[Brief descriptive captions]
◇ ◇ ◇

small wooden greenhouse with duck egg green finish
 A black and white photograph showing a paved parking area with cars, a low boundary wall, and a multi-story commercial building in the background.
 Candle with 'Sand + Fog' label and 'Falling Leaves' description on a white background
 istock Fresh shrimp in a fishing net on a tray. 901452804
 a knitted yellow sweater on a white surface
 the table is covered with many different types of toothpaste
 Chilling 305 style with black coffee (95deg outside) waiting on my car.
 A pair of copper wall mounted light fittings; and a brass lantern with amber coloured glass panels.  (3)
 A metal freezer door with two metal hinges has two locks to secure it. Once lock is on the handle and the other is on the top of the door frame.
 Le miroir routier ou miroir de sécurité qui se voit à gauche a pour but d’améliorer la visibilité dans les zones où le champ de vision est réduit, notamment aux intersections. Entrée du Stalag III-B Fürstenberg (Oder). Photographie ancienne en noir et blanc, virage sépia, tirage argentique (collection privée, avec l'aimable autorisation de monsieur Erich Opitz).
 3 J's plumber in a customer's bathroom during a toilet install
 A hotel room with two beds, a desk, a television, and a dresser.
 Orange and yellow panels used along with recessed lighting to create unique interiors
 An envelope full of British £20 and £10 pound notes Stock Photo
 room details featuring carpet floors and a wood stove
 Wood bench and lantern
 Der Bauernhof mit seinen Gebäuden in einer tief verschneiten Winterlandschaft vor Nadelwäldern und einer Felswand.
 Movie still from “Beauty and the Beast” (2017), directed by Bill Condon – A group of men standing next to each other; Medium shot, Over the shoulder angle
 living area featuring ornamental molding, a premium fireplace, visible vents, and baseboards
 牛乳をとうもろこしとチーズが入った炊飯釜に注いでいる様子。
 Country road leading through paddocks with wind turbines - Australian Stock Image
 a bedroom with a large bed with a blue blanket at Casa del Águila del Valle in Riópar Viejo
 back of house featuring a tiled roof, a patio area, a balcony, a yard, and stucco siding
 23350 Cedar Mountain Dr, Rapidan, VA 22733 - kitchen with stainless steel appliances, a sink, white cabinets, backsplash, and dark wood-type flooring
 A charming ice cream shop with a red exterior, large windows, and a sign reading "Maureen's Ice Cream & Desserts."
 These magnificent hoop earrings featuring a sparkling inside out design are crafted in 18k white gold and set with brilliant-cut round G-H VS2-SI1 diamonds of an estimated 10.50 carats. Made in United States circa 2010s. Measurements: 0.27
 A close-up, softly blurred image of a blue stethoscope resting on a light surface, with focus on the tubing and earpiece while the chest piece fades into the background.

◇ ◇ ◇

Task requirements ▸ Copy out every entry, keeping each line exactly as it is.

Task answer ▸
small wooden greenhouse with duck egg green finish
 A black and white photograph showing a paved parking area with cars, a low boundary wall, and a multi-story commercial building in the background.
 Candle with 'Sand + Fog' label and 'Falling Leaves' description on a white background
 istock Fresh shrimp in a fishing net on a tray. 901452804
 a knitted yellow sweater on a white surface
 the table is covered with many different types of toothpaste
 Chilling 305 style with black coffee (95deg outside) waiting on my car.
 A pair of copper wall mounted light fittings; and a brass lantern with amber coloured glass panels.  (3)
 A metal freezer door with two metal hinges has two locks to secure it. Once lock is on the handle and the other is on the top of the door frame.
 Le miroir routier ou miroir de sécurité qui se voit à gauche a pour but d’améliorer la visibilité dans les zones où le champ de vision est réduit, notamment aux intersections. Entrée du Stalag III-B Fürstenberg (Oder). Photographie ancienne en noir et blanc, virage sépia, tirage argentique (collection privée, avec l'aimable autorisation de monsieur Erich Opitz).
 3 J's plumber in a customer's bathroom during a toilet install
 A hotel room with two beds, a desk, a television, and a dresser.
 Orange and yellow panels used along with recessed lighting to create unique interiors
 An envelope full of British £20 and £10 pound notes Stock Photo
 room details featuring carpet floors and a wood stove
 Wood bench and lantern
 Der Bauernhof mit seinen Gebäuden in einer tief verschneiten Winterlandschaft vor Nadelwäldern und einer Felswand.
 Movie still from “Beauty and the Beast” (2017), directed by Bill Condon – A group of men standing next to each other; Medium shot, Over the shoulder angle
 living area featuring ornamental molding, a premium fireplace, visible vents, and baseboards
 牛乳をとうもろこしとチーズが入った炊飯釜に注いでいる様子。
 Country road leading through paddocks with wind turbines - Australian Stock Image
 a bedroom with a large bed with a blue blanket at Casa del Águila del Valle in Riópar Viejo
 back of house featuring a tiled roof, a patio area, a balcony, a yard, and stucco siding
 23350 Cedar Mountain Dr, Rapidan, VA 22733 - kitchen with stainless steel appliances, a sink, white cabinets, backsplash, and dark wood-type flooring
 A charming ice cream shop with a red exterior, large windows, and a sign reading "Maureen's Ice Cream & Desserts."
 These magnificent hoop earrings featuring a sparkling inside out design are crafted in 18k white gold and set with brilliant-cut round G-H VS2-SI1 diamonds of an estimated 10.50 carats. Made in United States circa 2010s. Measurements: 0.27
 A close-up, softly blurred image of a blue stethoscope resting on a light surface, with focus on the tubing and earpiece while the chest piece fades into the background.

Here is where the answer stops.